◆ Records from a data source
━━━━━━━━
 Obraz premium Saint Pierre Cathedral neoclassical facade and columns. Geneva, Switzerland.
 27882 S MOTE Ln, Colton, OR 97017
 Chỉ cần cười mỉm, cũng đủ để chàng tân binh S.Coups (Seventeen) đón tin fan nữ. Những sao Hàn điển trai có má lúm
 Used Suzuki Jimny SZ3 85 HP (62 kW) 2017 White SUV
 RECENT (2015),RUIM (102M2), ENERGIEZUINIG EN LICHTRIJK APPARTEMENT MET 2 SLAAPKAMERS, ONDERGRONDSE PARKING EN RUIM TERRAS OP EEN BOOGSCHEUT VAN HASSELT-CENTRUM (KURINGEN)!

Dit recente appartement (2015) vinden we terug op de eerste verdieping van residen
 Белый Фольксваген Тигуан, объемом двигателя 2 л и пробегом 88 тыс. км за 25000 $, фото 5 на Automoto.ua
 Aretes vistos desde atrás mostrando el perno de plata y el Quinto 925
━━━━━━━━
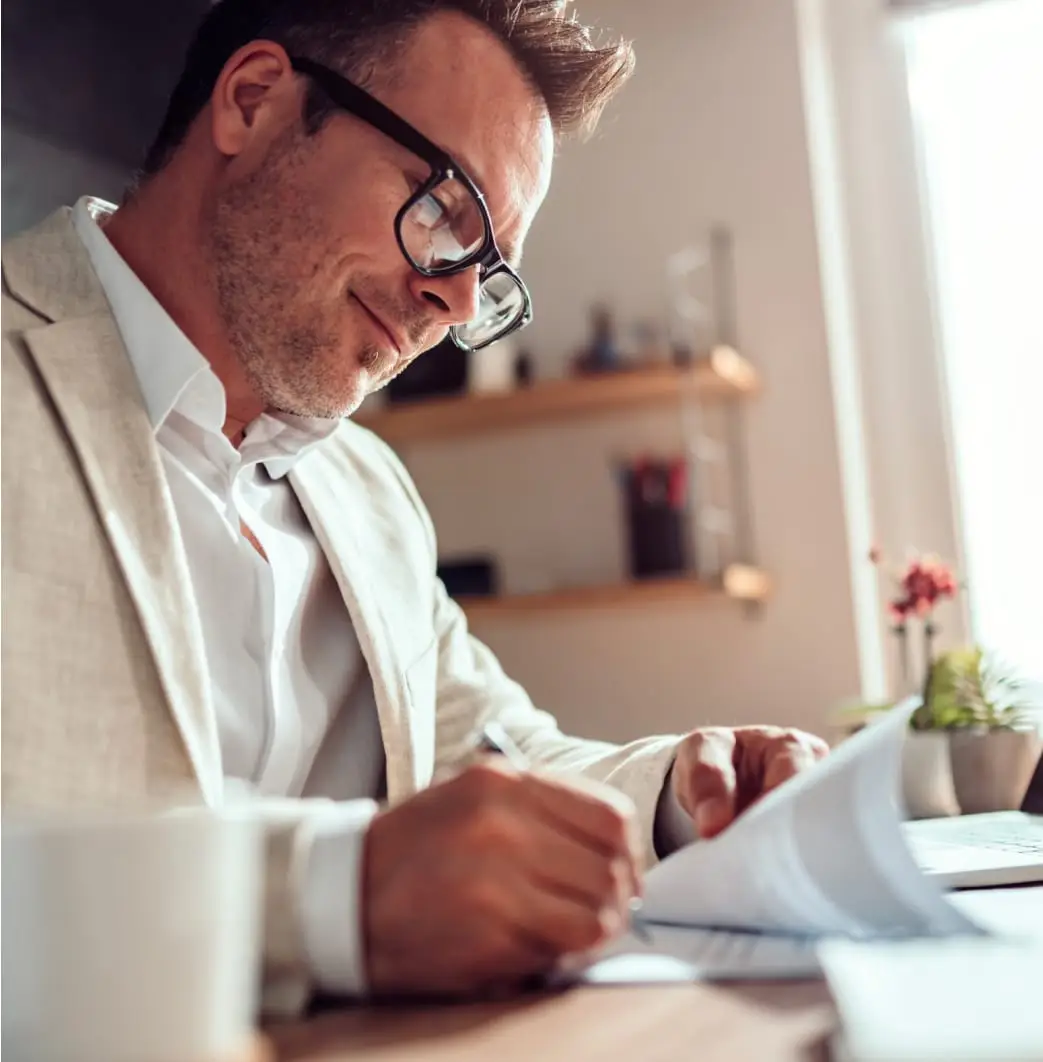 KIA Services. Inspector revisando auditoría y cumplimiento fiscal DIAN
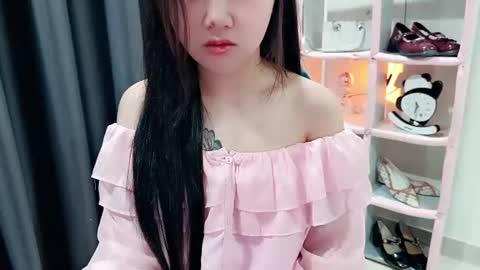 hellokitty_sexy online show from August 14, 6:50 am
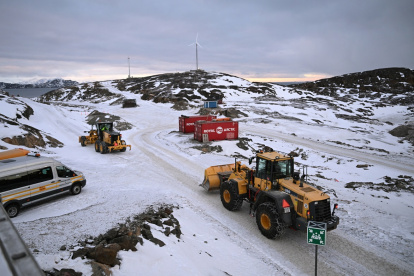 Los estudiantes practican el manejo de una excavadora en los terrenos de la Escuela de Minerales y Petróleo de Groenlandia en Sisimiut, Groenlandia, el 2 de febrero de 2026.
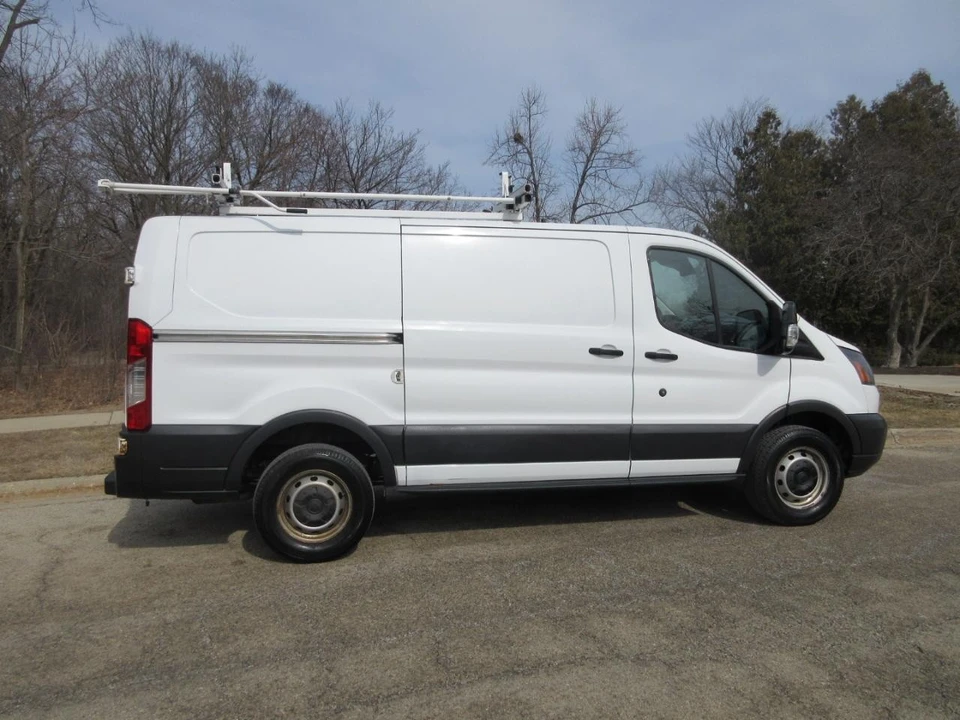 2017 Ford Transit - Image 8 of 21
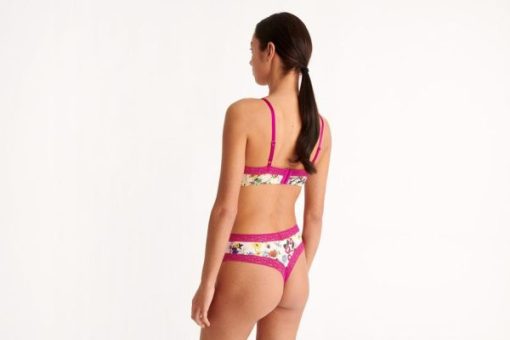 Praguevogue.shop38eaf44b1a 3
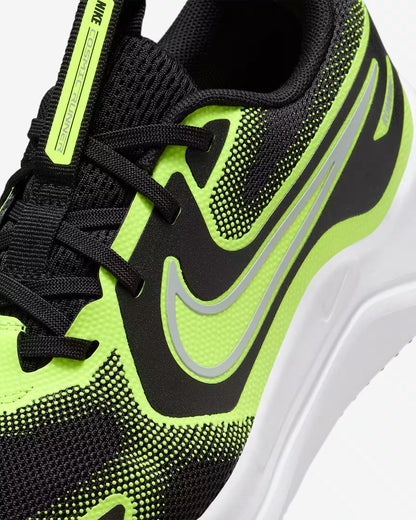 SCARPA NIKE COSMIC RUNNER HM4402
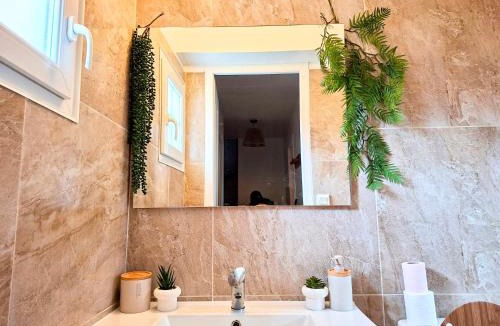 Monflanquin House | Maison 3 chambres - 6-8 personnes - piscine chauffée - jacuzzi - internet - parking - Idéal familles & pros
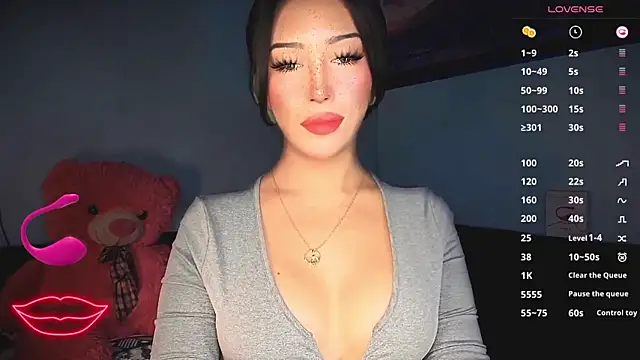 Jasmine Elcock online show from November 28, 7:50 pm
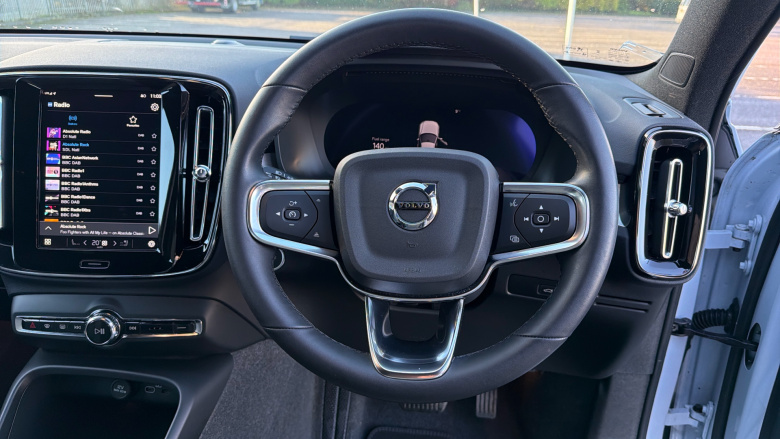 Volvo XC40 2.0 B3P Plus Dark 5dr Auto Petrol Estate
━━━━━━━━
◆ What you should do
Among the records above, extract exactly the lines from the line with "Obraz premium Saint" to the line with "Aretes vistos desde", both lines included, and leave out the rest.

◆ Output for this task
 Obraz premium Saint Pierre Cathedral neoclassical facade and columns. Geneva, Switzerland.
 27882 S MOTE Ln, Colton, OR 97017
 Chỉ cần cười mỉm, cũng đủ để chàng tân binh S.Coups (Seventeen) đón tin fan nữ. Những sao Hàn điển trai có má lúm
 Used Suzuki Jimny SZ3 85 HP (62 kW) 2017 White SUV
 RECENT (2015),RUIM (102M2), ENERGIEZUINIG EN LICHTRIJK APPARTEMENT MET 2 SLAAPKAMERS, ONDERGRONDSE PARKING EN RUIM TERRAS OP EEN BOOGSCHEUT VAN HASSELT-CENTRUM (KURINGEN)!

Dit recente appartement (2015) vinden we terug op de eerste verdieping van residen
 Белый Фольксваген Тигуан, объемом двигателя 2 л и пробегом 88 тыс. км за 25000 $, фото 5 на Automoto.ua
 Aretes vistos desde atrás mostrando el perno de plata y el Quinto 925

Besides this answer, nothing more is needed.